Die Besprechung mit den Gewerkschaften findet am 28.12.22 statt (Dok. Nr. 31).

7

Über die Fühlungnahme der RReg. mit dem Präsidium des RdI am 20. 12. waren Angaben in R 43 I nicht zu ermitteln.

8

Poincaré hatte in der Senatssitzung vom 21.12.22 laut WTB-Meldung u. a. erklärt, „Deutschland beharre bei seinem Fehler. Seine Magnaten der Großindustrie hätten sich auf Kosten des deutschen Volkes bereichert. Die Inflation sei in beträchtlichem Maße gestiegen und die wirtschaftliche und finanzielle Mißwirtschaft könne in Deutschland die beklagenswerteste Katastrophe nach sich ziehen. Deutschland habe vor allem zu niedrigen Preisen exportieren wollen und habe sich systematisch ruiniert, um der Reparationszahlung zu entgehen. […] Deutschland führe seine Verpflichtungen nicht aus, und der Zahlungsplan vom Mai 1921 sei zum toten Buchstaben geworden. […] Die Vergangenheit müsse mißtrauisch machen. Man müsse Deutschland einer effektiven Kontrolle unterwerfen. […] Deutschland habe Domanialgüter, auf die nach Artikel 248 des Friedensvertrages die Alliierten ein Privileg ersten Ranges besäßen. Dieses Privileg sei für ihn (Poincaré) eine konkrete Realität. Er werde von den Alliierten verlangen, mit Frankreich diese Pfänder zu nehmen oder Frankreich sie für gemeinsames Konto nehmen zu lassen.“ (R 43 I /33 , Bl.  321).
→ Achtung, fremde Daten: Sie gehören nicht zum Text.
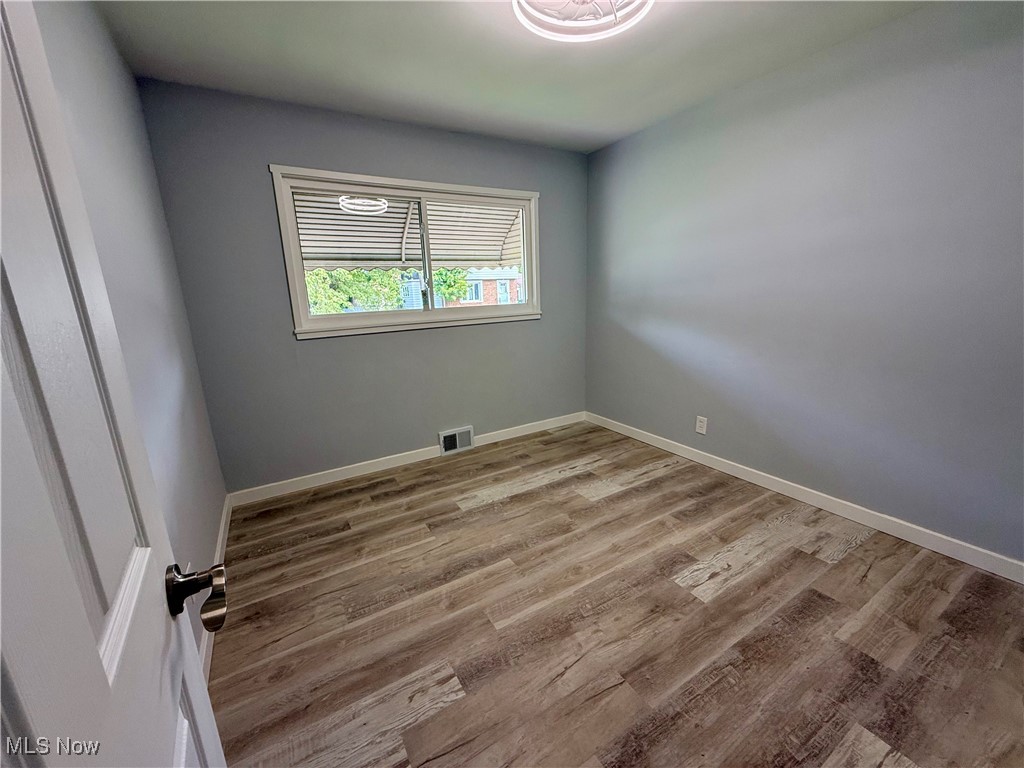 19504 Sumpter Road Cleveland, OH 44128 - Photo 17 of 39 Unfurnished room with light wood-style flooring and baseboards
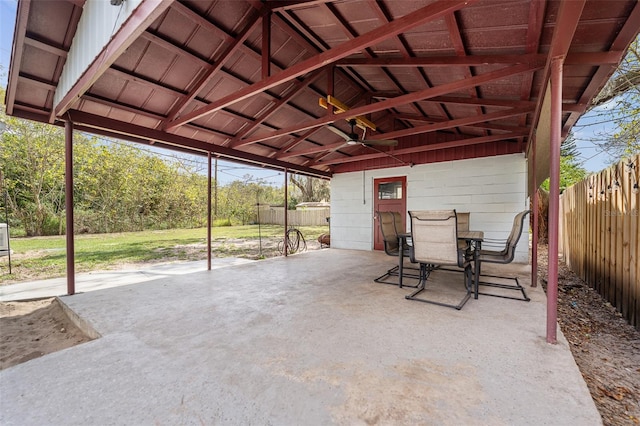 view of patio featuring a carport, outdoor dining area, fence, and a ceiling fan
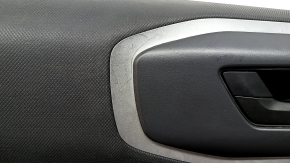 Black front left door panel for a 2021 Ford Bronco Sport with a handle, gray molding, black leather armrest, black cloth insert, scratches, scuff marks, dents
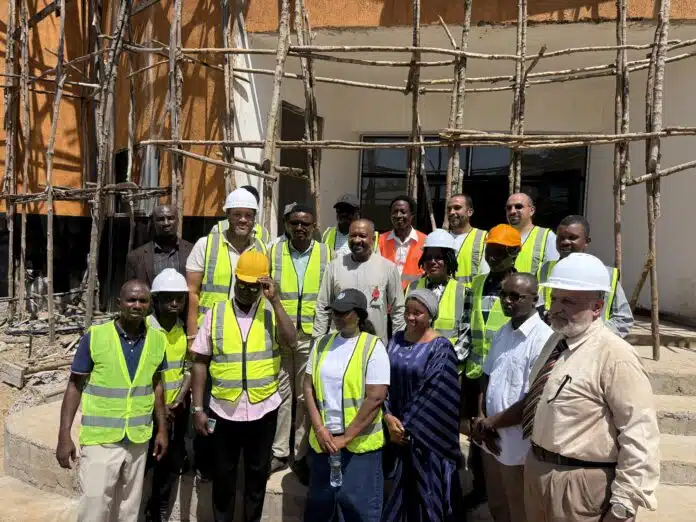 Group of construction workers in high-visibility vests and hard hats posing in front of a building under wooden scaffolding at a construction site.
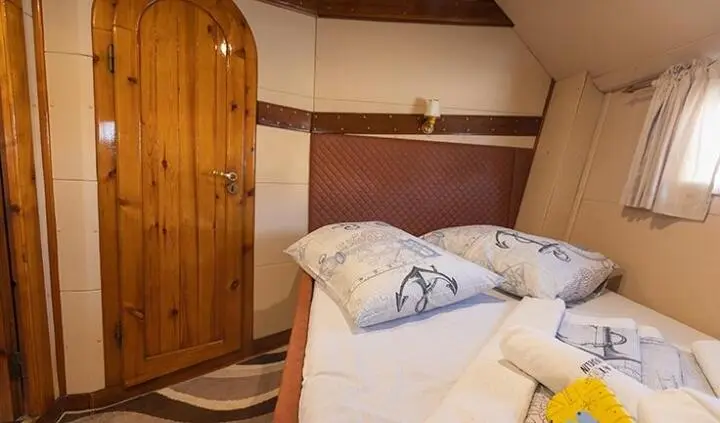 Cozy yacht cabin with double bed, pillows, wooden wardrobe, and soft lighting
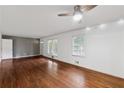 Inviting living room featuring hardwood floors and bright windows filling the space with natural light at 1913 Ferry Dr, Marietta, GA 30066
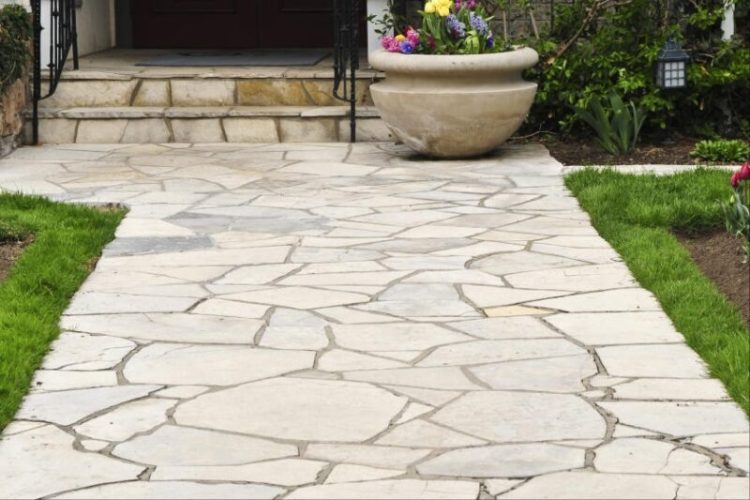 Flagstone landscape stones installed on compacted gravel base creating durable garden pathway
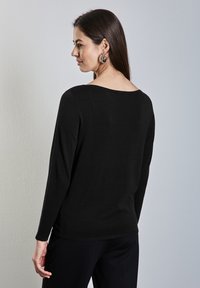 Donna con capelli lunghi e scuri, indossa una maglia nera a maniche lunghe e pantaloni, leggermente di lato, mostra la schiena e il profilo su sfondo semplice.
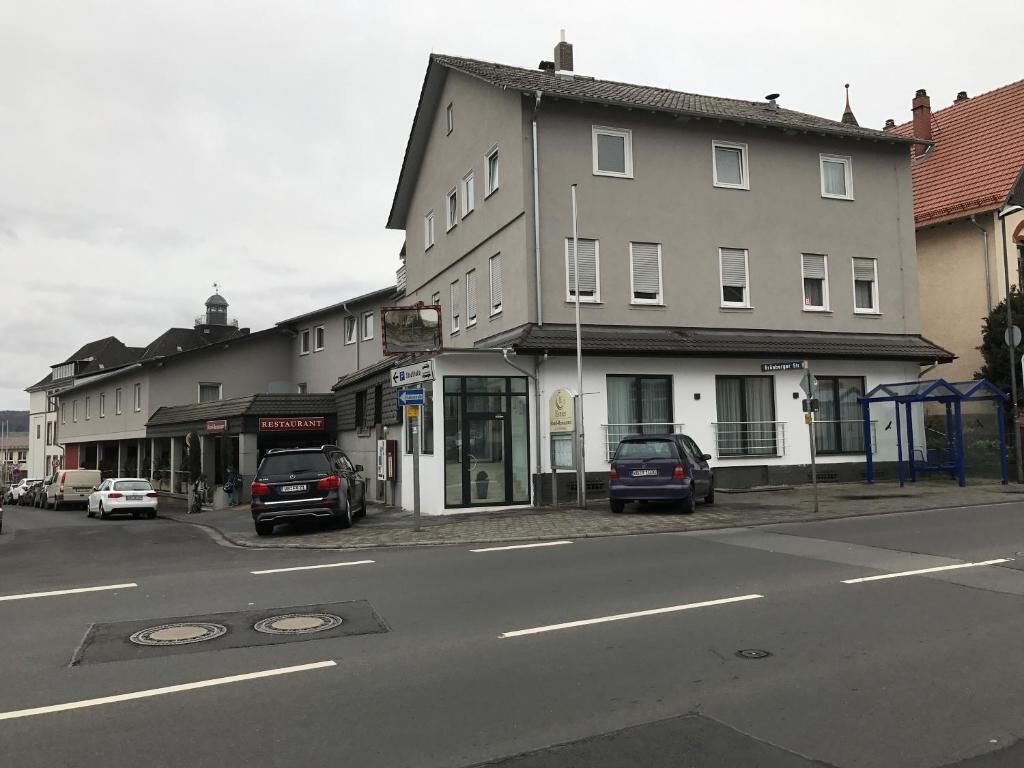 Un immeuble de deux étages avec un restaurant au rez-de-chaussée. Des voitures sont garées devant, et un arrêt de bus se trouve sur le côté droit.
Die RReg. reagiert auf diese Rede Poincarés, indem sie am 23.12.22 durch WTB verbreiten läßt: „Keine der alliierten Mächte kann Reparationsansprüche für sich allein gegen Deutschland erheben; sie haben sich vielmehr zu diesem Zweck an die Repko zu wenden. Ebensowenig wie aber die einzelne Macht unmittelbar Reparationsansprüche erheben kann, kann sie für sich allein auch Zwangsmaßnahmen zur Durchführung dieser Ansprüche ergreifen.“ (Schultheß 1922, S. 152).

9

Der RK hält seine Rede in Hamburg am 31.12.22 (abgedruckt als Dok. Nr. 33).